The lines from the one containing "Первый самолет Air Cairo прилетел в Москву" through the final line of the listing below are what the answer must repeat, exactly and only, leaving pictures out.

Start of Data to use

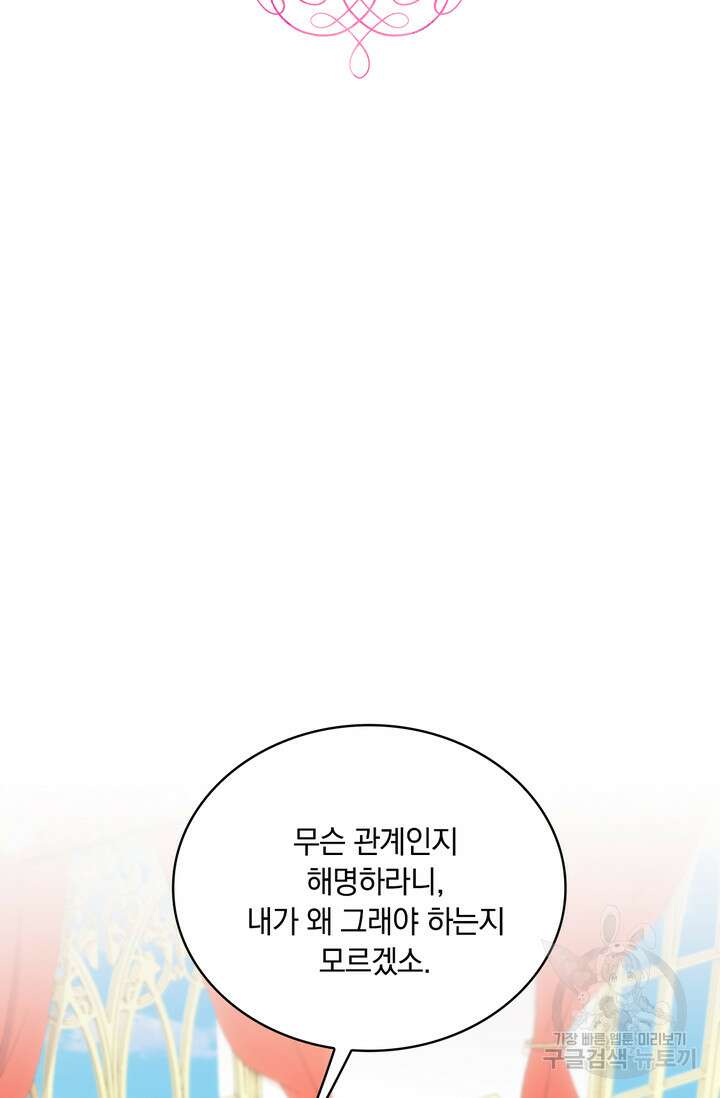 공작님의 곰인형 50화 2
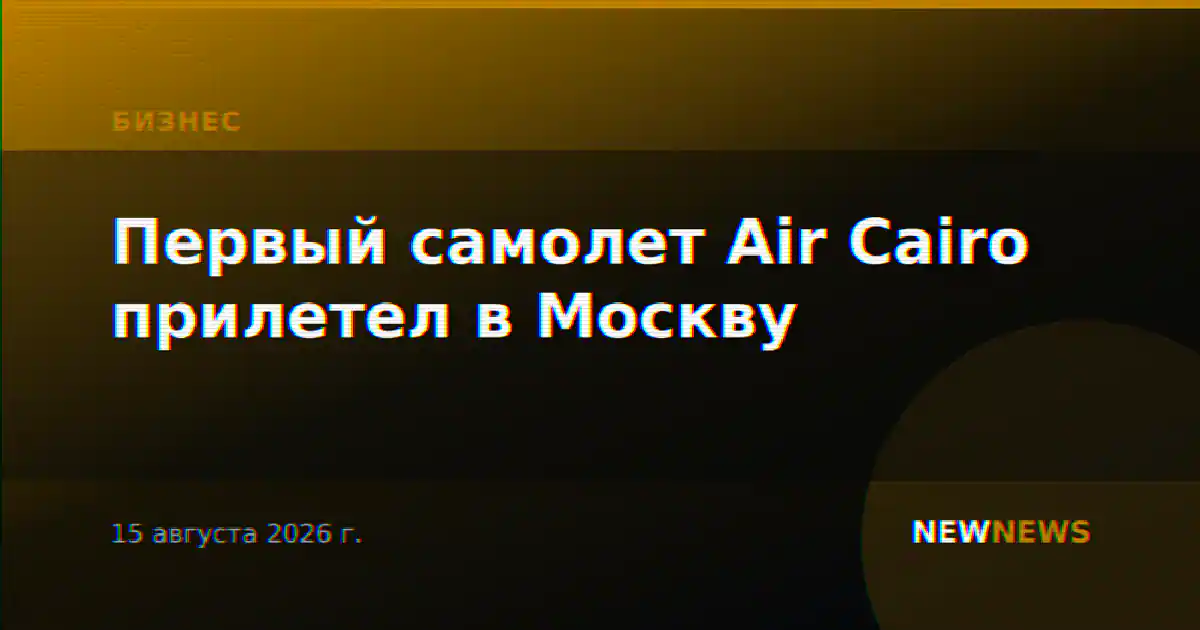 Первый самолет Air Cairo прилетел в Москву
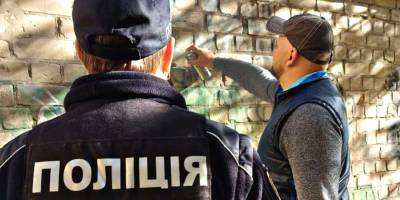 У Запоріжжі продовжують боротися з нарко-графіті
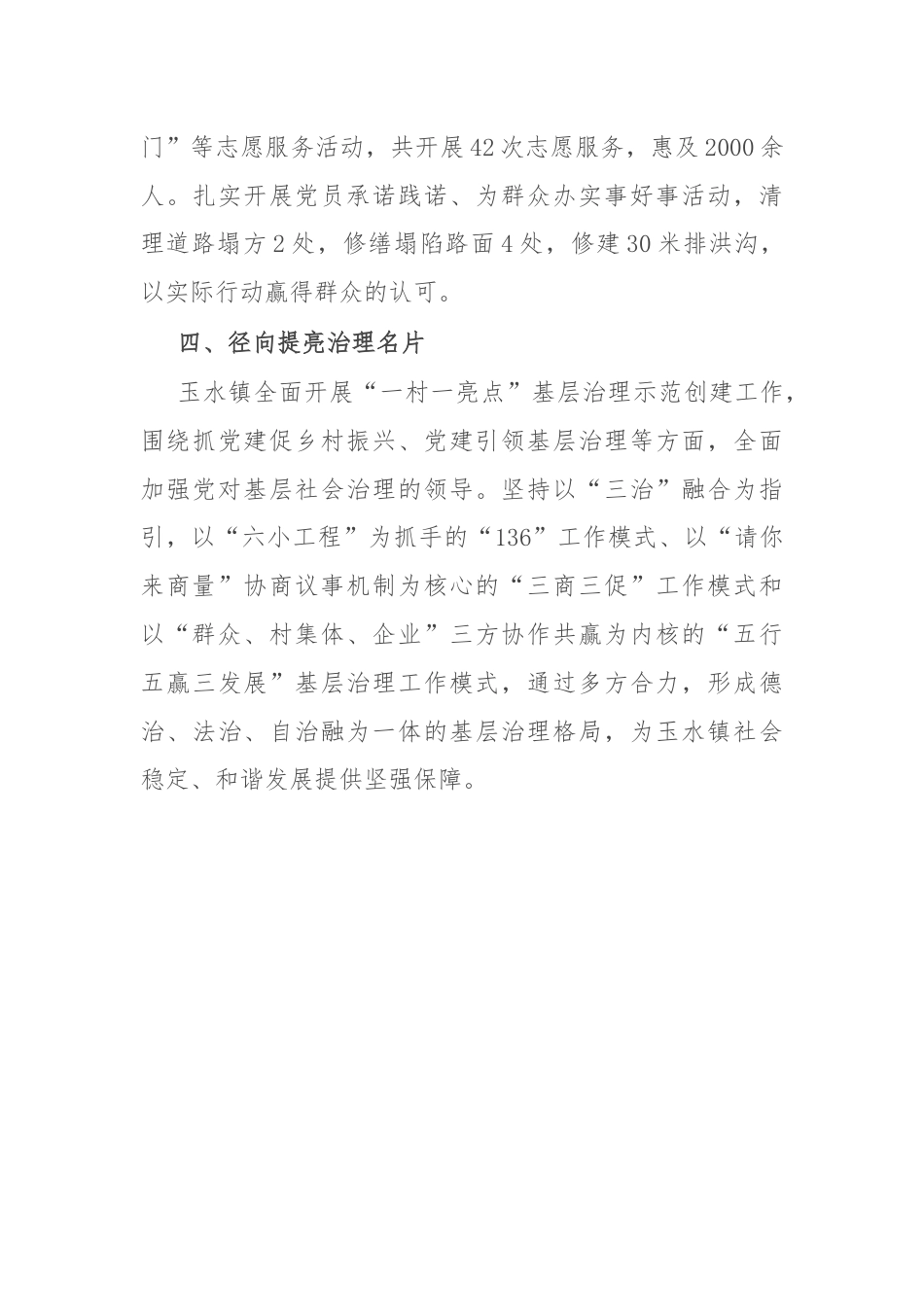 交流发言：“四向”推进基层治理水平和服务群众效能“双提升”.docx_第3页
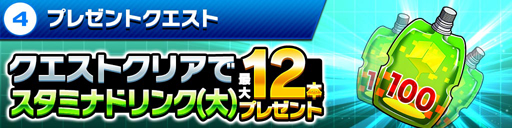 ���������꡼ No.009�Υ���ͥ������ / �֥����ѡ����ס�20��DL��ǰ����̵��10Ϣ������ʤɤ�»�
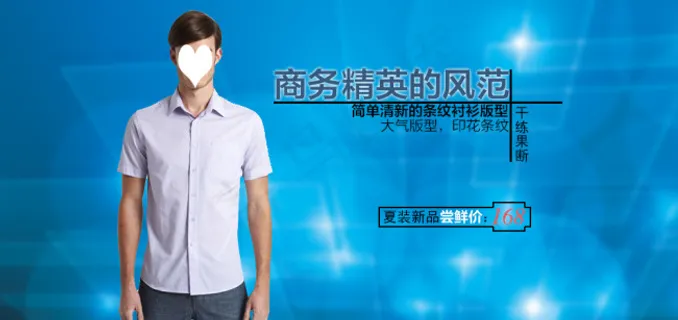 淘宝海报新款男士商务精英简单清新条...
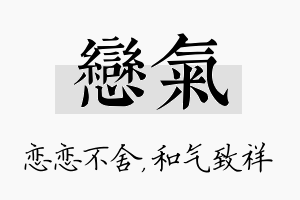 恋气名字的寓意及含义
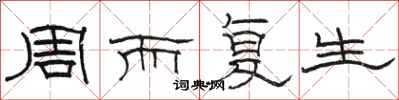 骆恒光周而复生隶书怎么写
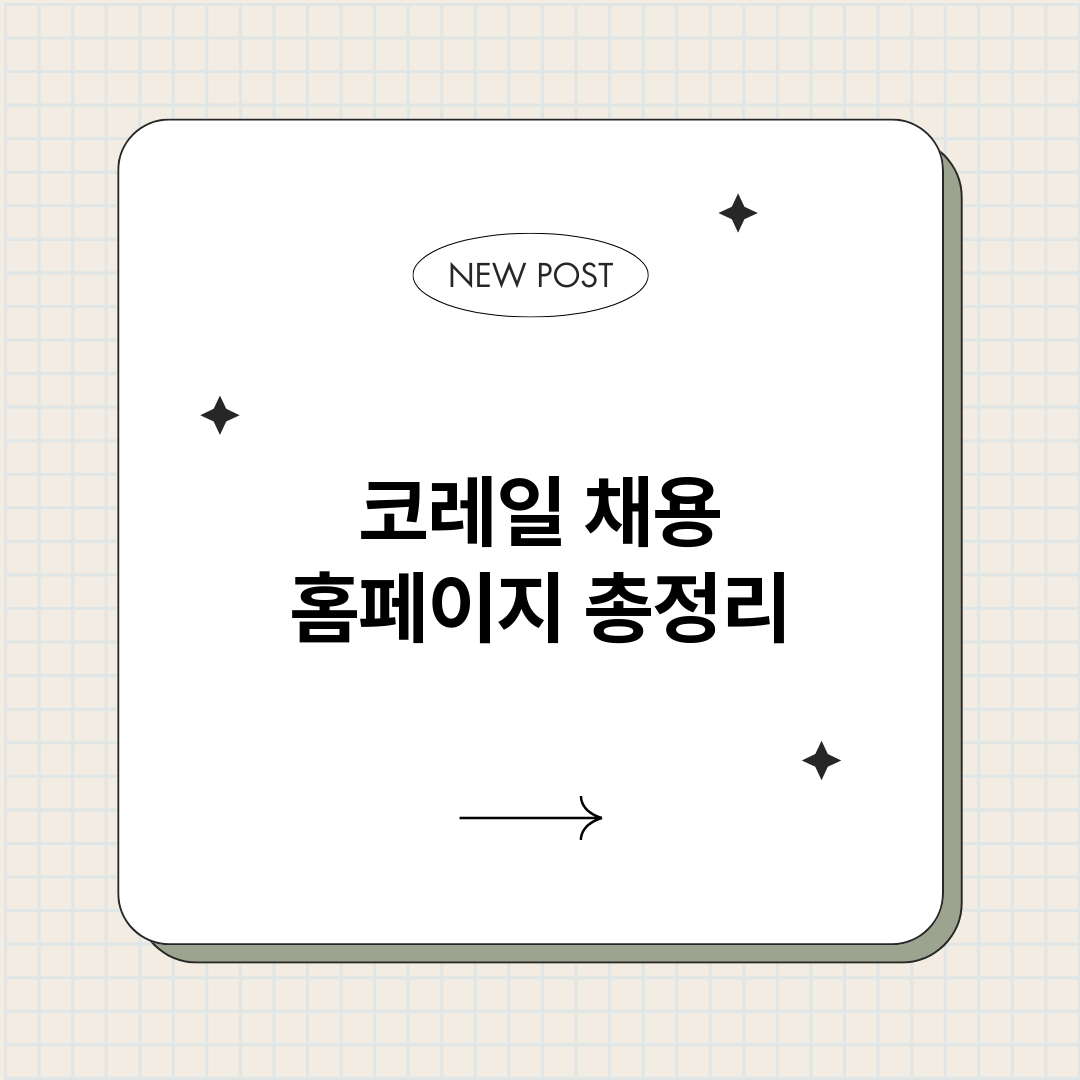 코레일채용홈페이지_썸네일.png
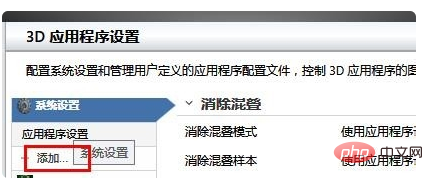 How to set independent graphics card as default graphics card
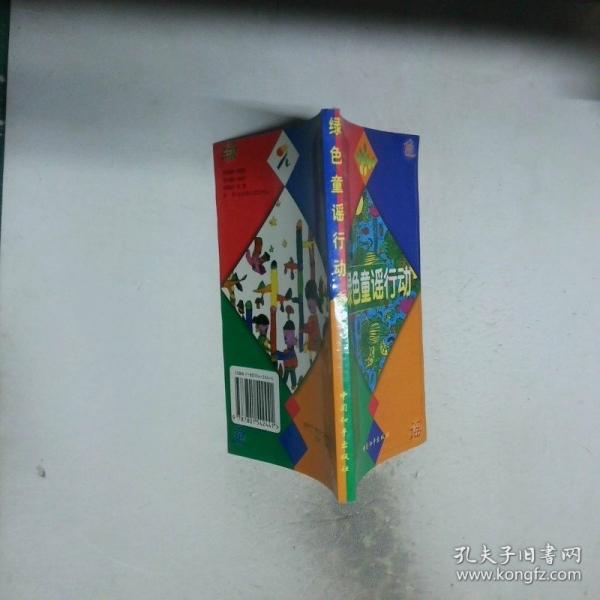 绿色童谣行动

End of Data to use

● **Answer to this task**
 Первый самолет Air Cairo прилетел в Москву
 У Запоріжжі продовжують боротися з нарко-графіті
 交流发言：“四向”推进基层治理水平和服务群众效能“双提升”.docx_第3页
 ���������꡼ No.009�Υ���ͥ������ / �֥����ѡ����ס�20��DL��ǰ����̵��10Ϣ������ʤɤ�»�
 淘宝海报新款男士商务精英简单清新条...
 恋气名字的寓意及含义
 骆恒光周而复生隶书怎么写
 코레일채용홈페이지_썸네일.png
 How to set independent graphics card as default graphics card
 绿色童谣行动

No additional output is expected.